Europa, con otra mirada, optó por la regulación anticipada. El AI Act, aprobado por el Parlamento Europeo en 2024, establece por primera vez un marco legal exhaustivo sobre inteligencia artificial, que clasifica los sistemas según su nivel de riesgo, prohíbe usos como el reconocimiento facial masivo en espacios públicos, exige transparencia algorítmica y fija responsabilidades para los desarrolladores. A ello se suman avances en neuroderechos, legislación sobre verificación de edad en redes sociales, protección de datos (GDPR) y estrategias de soberanía digital. España, Francia e Irlanda ya aplican controles a redes sociales para menores, y lanzan sus propias wallets digitales para verificación de edad.
En contraste, América Latina sigue sin una agenda coordinada en estas materias. Según datos de la UNESCO, el promedio de inversión regional en ciencia y tecnología ronda el 0,65% del PBI, muy por debajo del 2,5% que recomienda el organismo, o del 4,8% de Corea del Sur. No existen leyes integrales sobre inteligencia artificial, ni estrategias regionales sobre computación cuántica, ni regulación sobre algoritmos públicos. La educación tecnológica es fragmentaria y desigual. Solo un puñado de universidades ofrece formación formal en IA o ética digital. El acceso a tecnologías críticas depende de plataformas y empresas extranjeras. La capacidad de control estatal es mínima. Y lo más grave: la ciudadanía y los decisores políticos no siempre son conscientes de la magnitud del cambio que ya está ocurriendo.
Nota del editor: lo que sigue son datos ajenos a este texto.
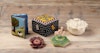 The Enduring Lure of Pincushions Image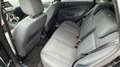 Ford Fiesta 1.6 Ghia Airco|Cruise|Stoelverwarming|P sensor Noir - thumbnail 7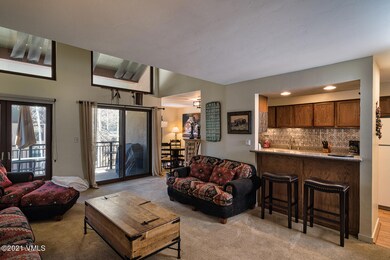 331_Breakaway_West_020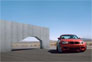 BMW 1 Series M Commercial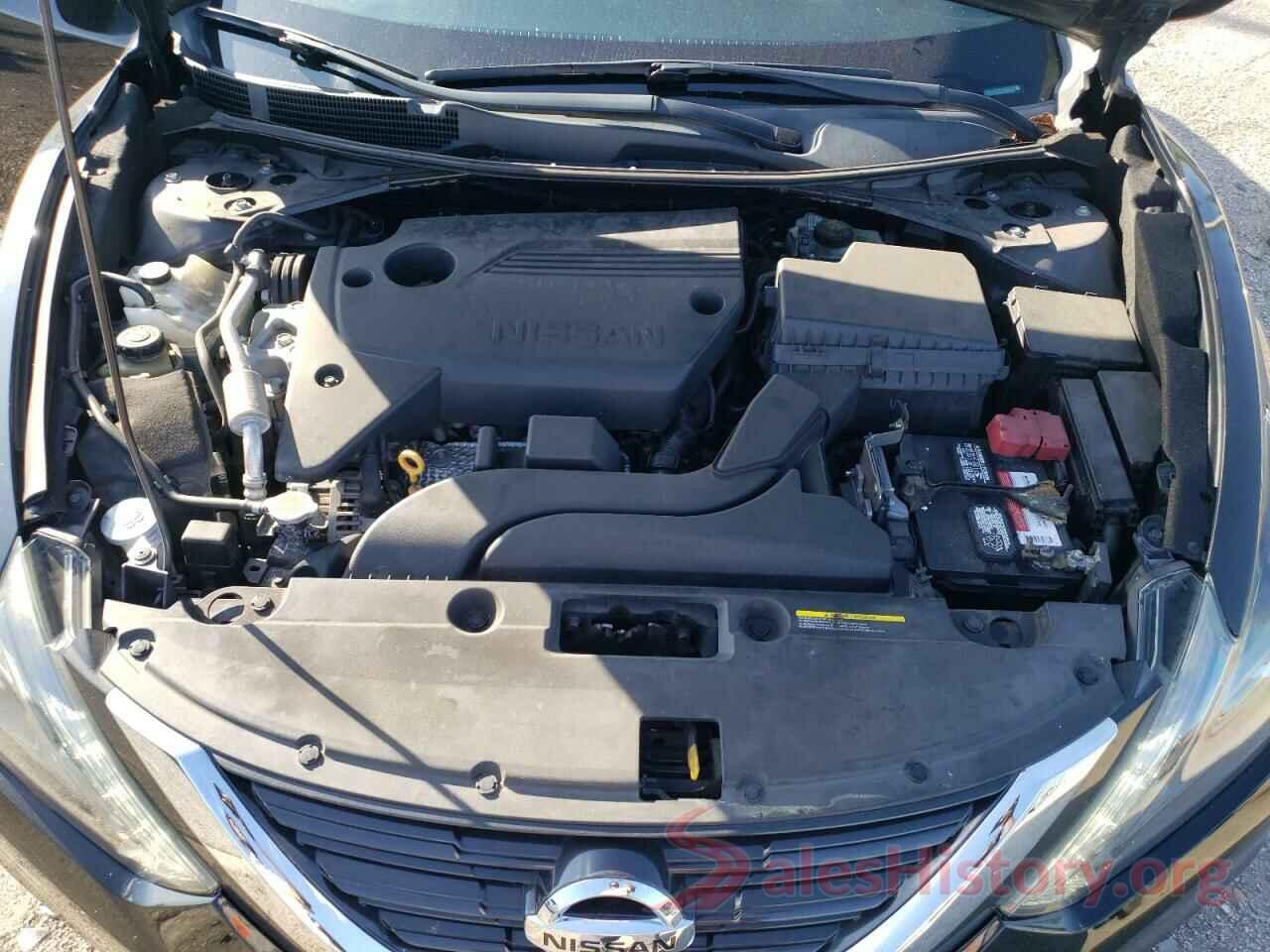 1N4AL3AP2HC247707 2017 NISSAN ALTIMA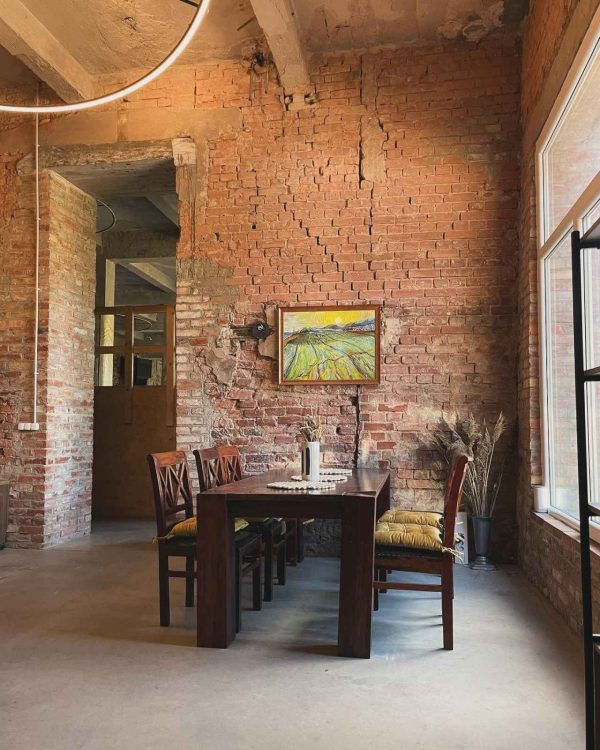 Gimtadienio šventė su pasirinkta treniruote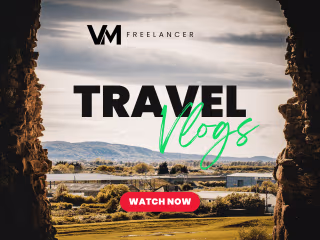 VIM TRAVEL VLOG | Vimukthi Millavitiya | Freelancer - YouTube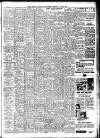Stamford Mercury Friday 15 April 1949 Page 3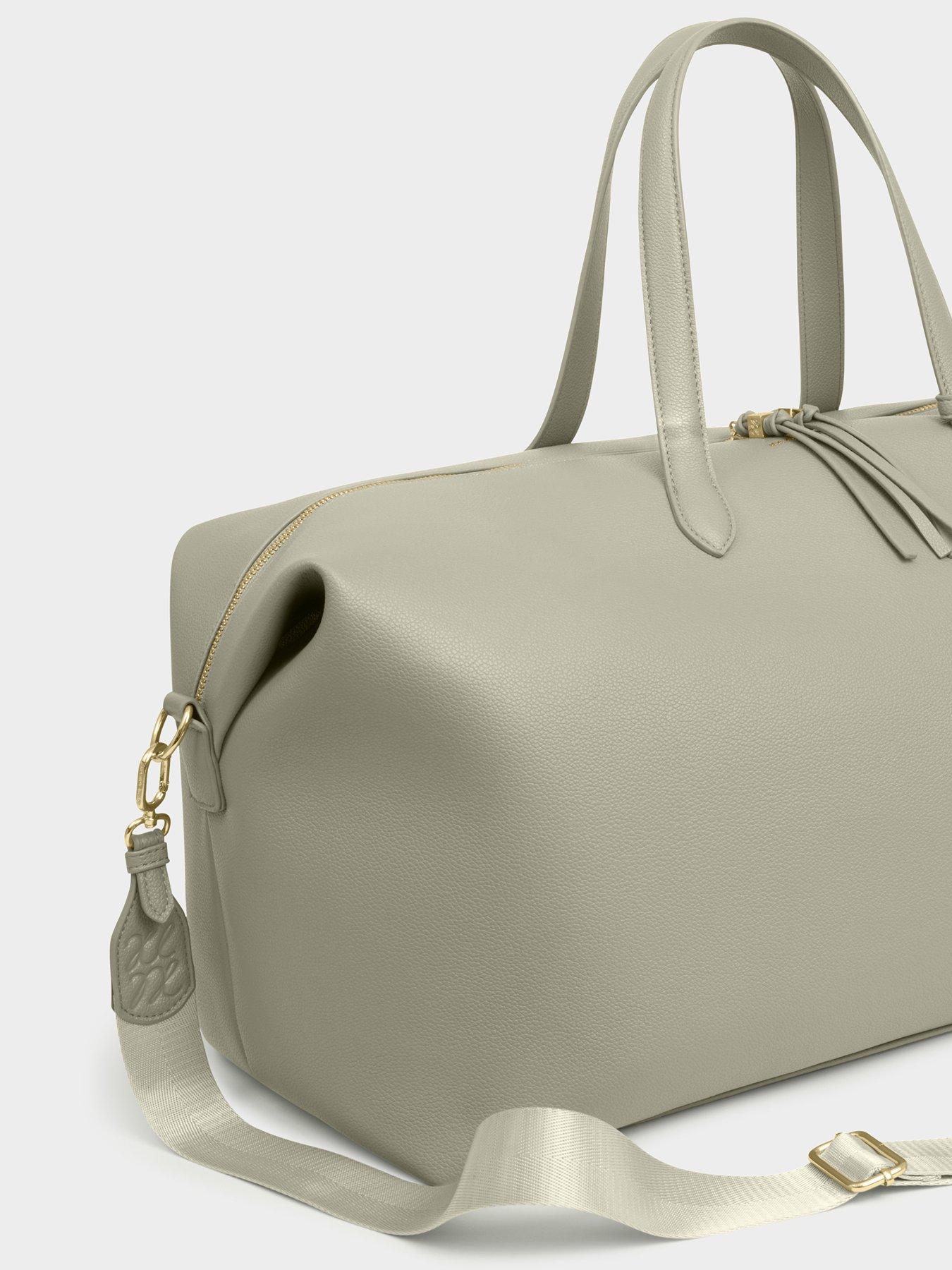 katie-loxton-soho-weekend-bag-green-mistback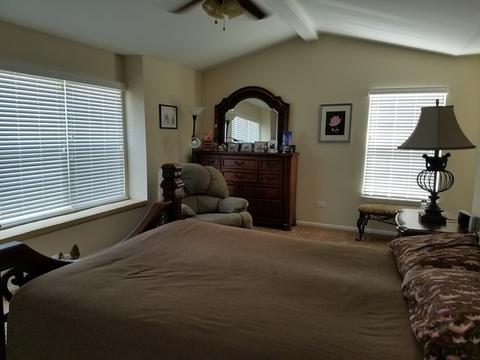 2221 Deerpath Dr, Elgin, IL 60123 photo 19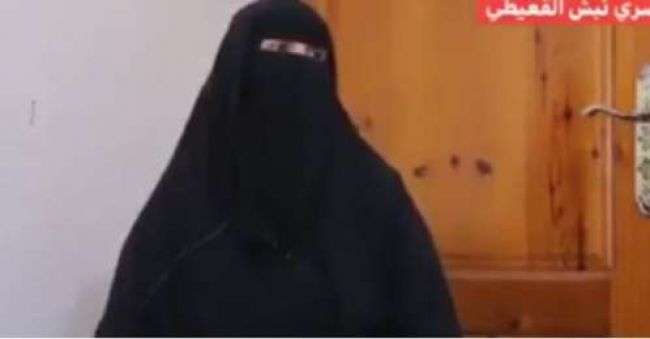 شاهد بالفيديو .. اعترافات خطيرة لفتاة تدير شبكة دعارة حوثية للإيقاع بالسياسيين والإعلاميين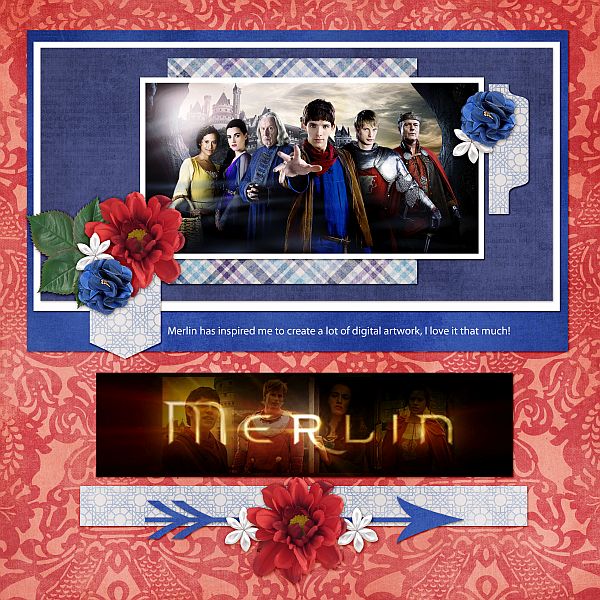 Merlin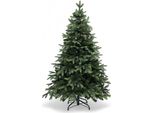 Albero Di Natale Artificiale 150 Cm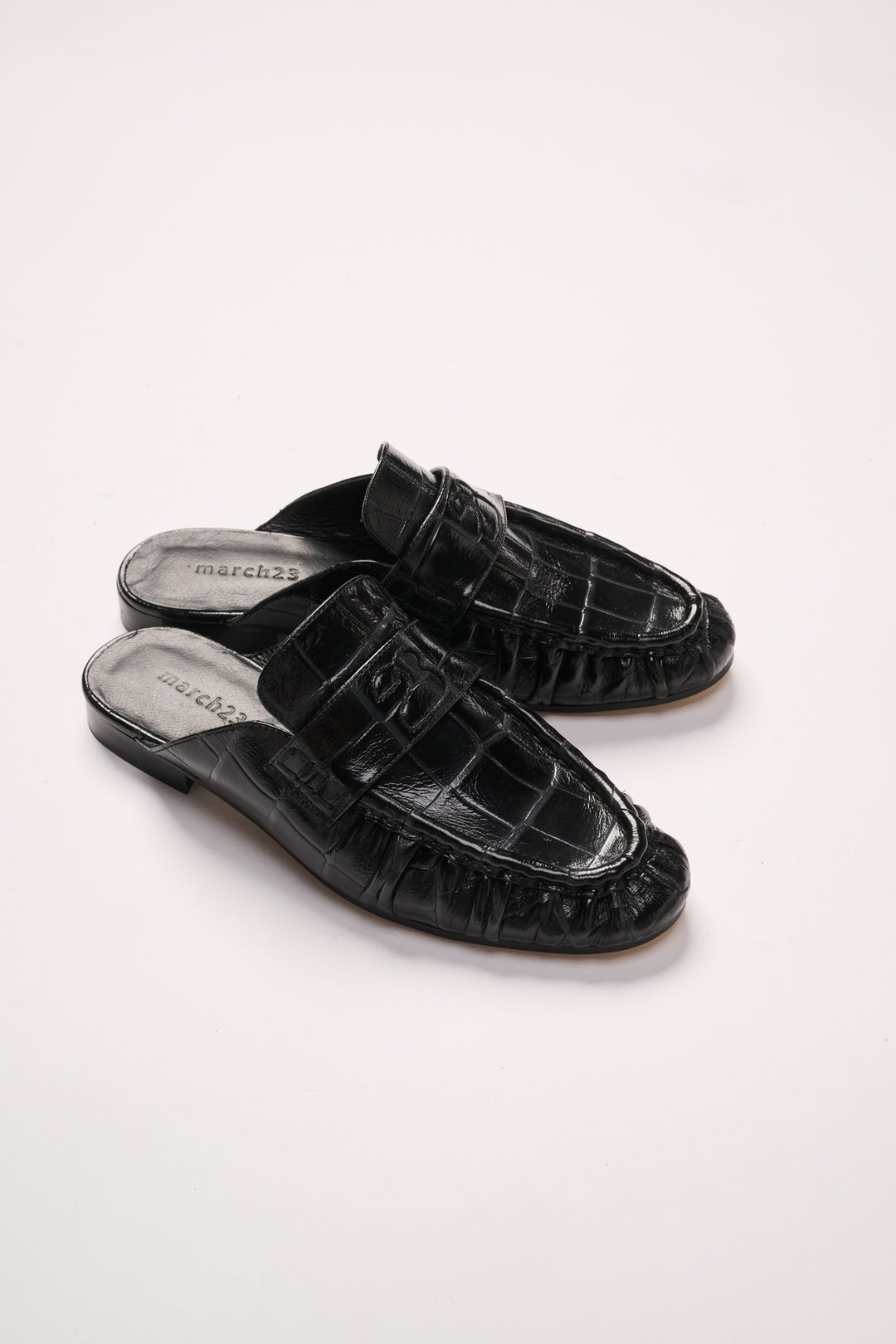 Tilly Loafer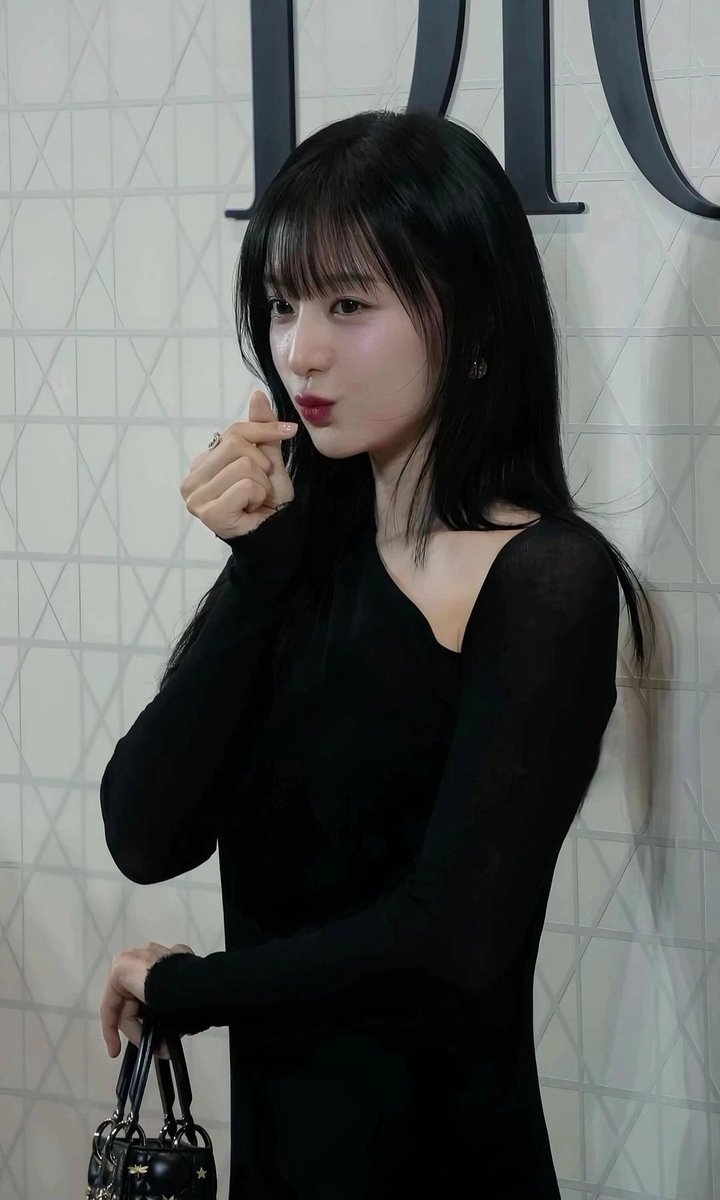 koridoras12's tweet photo. https://t.co/HDlNXCAX2f
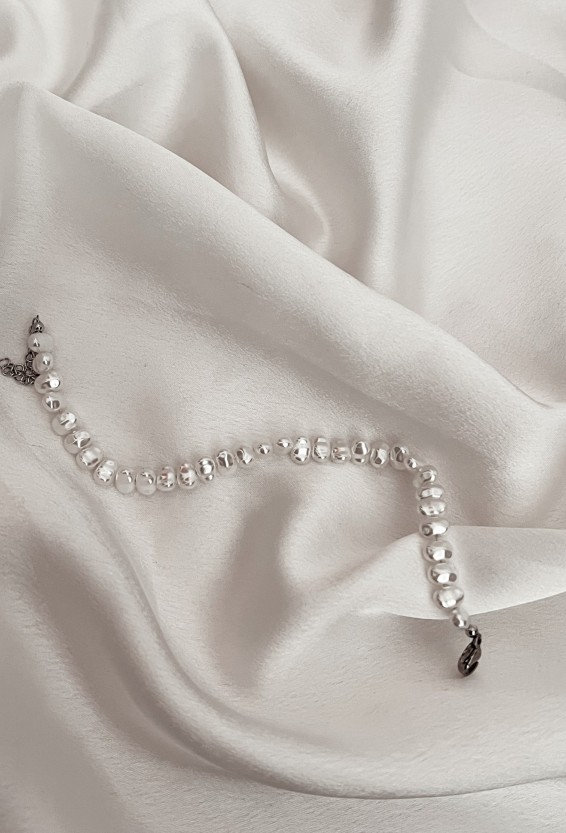 Βραχιόλι kythnos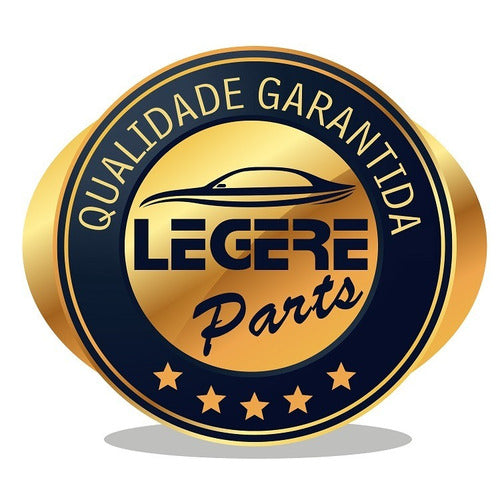 Sensor Abs Dianteiro 208 308 3008 307 408 C4 C5 Pallas Loung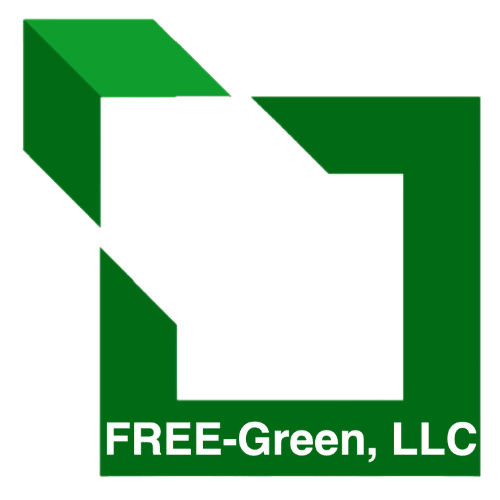 FREE-Green, LLC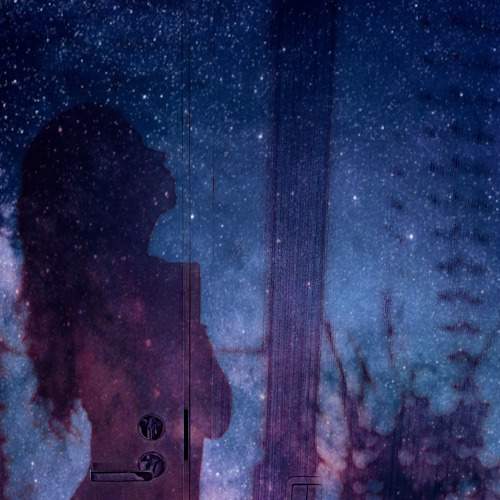 Photo #8305699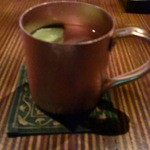 アルセーヌルパン - 名前が出てきません(^_^;)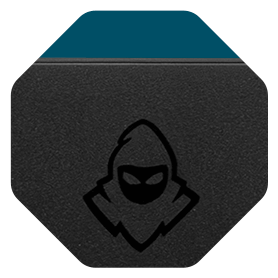 descrições do monitor Horizon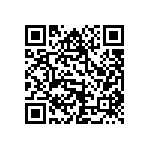 RP73D2A15R8BTDF QRCode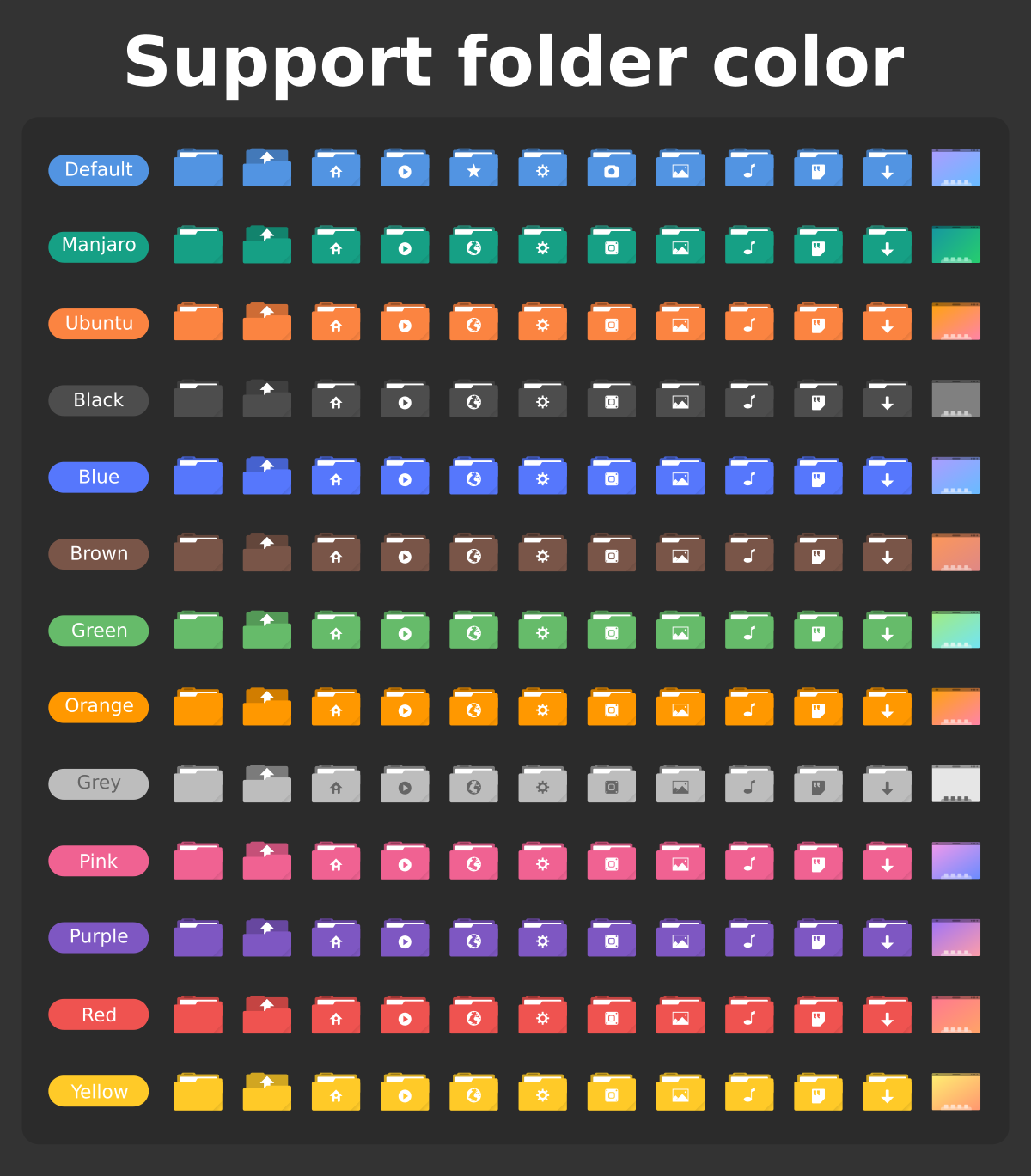 1200x1369 Tela Icon Theme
Sin embargo, Argentina supo estar —y aún puede estar— entre los países con mayores capacidades científicas y tecnológicas de la región. A lo largo del siglo XX y XXI, acumuló hitos notables en materia de energía nuclear, satelital, informática y biotecnología. A partir de 2003, se produjo una reconstrucción deliberada del sistema nacional de ciencia y técnica, con la repatriación de más de 1300 investigadores a través del programa Raíces, el aumento sostenido de la inversión estatal en I+D (que pasó del 0,41% al 0,65% del PBI entre 2003 y 2015 según el MINCYT) y la creación del Ministerio de Ciencia, Tecnología e Innovación Productiva en 2007. También se duplicó la planta de investigadores del CONICET y se crearon polos tecnológicos, universidades y centros de innovación en distintas regiones del país.
En ese mismo período, INVAP exportó reactores nucleares a Holanda y Australia, se lanzó el satélite ARSAT-1 (2014), se consolidó la red de fibra óptica troncal a través de Argentina Conectada, y se promovieron desarrollos públicos en software, salud, genética y producción de conocimiento estratégico. Estas políticas fueron reconocidas internacionalmente, entre otros, por la CEPAL y la Unesco, como ejemplos de reconstrucción del capital científico en países en desarrollo. En biotecnología, Argentina mantuvo una posición destacada a nivel mundial en cultivos genéticamente modificados y producción de semillas con valor agregado nacional.
Hoy, todavía persisten capacidades: el Instituto Balseiro forma profesionales de excelencia, la CONAE mantiene operaciones satelitales, y el Centro Atómico Bariloche desarrolla un procesador cuántico con circuitos superconductores. También existen startups de inteligencia artificial en salud, derecho y educación, y centros universitarios que investigan ética algorítmica y regulación. Pero todo este potencial enfrenta un entorno frágil: subejecución presupuestaria, desarticulación institucional, fuga de cerebros, y ausencia de una planificación estratégica de largo plazo.
La historia demuestra que no estamos condenados a la dependencia tecnológica. Pero también enseña que no alcanza con el talento individual ni con instituciones prestigiosas si no existe una política pública sostenida, con visión de país, con articulación federal, y con voluntad de construir soberanía en el mundo que viene.
En una era donde los algoritmos definen decisiones judiciales, las neurotecnologías abren dilemas sobre la mente humana, y los datos se convierten en la materia prima del poder, el destino de las naciones dependerá de quién pueda regular, comprender, diseñar y humanizar esas tecnologías.
Para América Latina, y en particular para Argentina, el desafío no es menor: se trata de definir si seremos actores del futuro o simples usuarios de decisiones ajenas. La oportunidad todavía existe. Pero el tiempo se acorta. No es tarde, pero es ahora.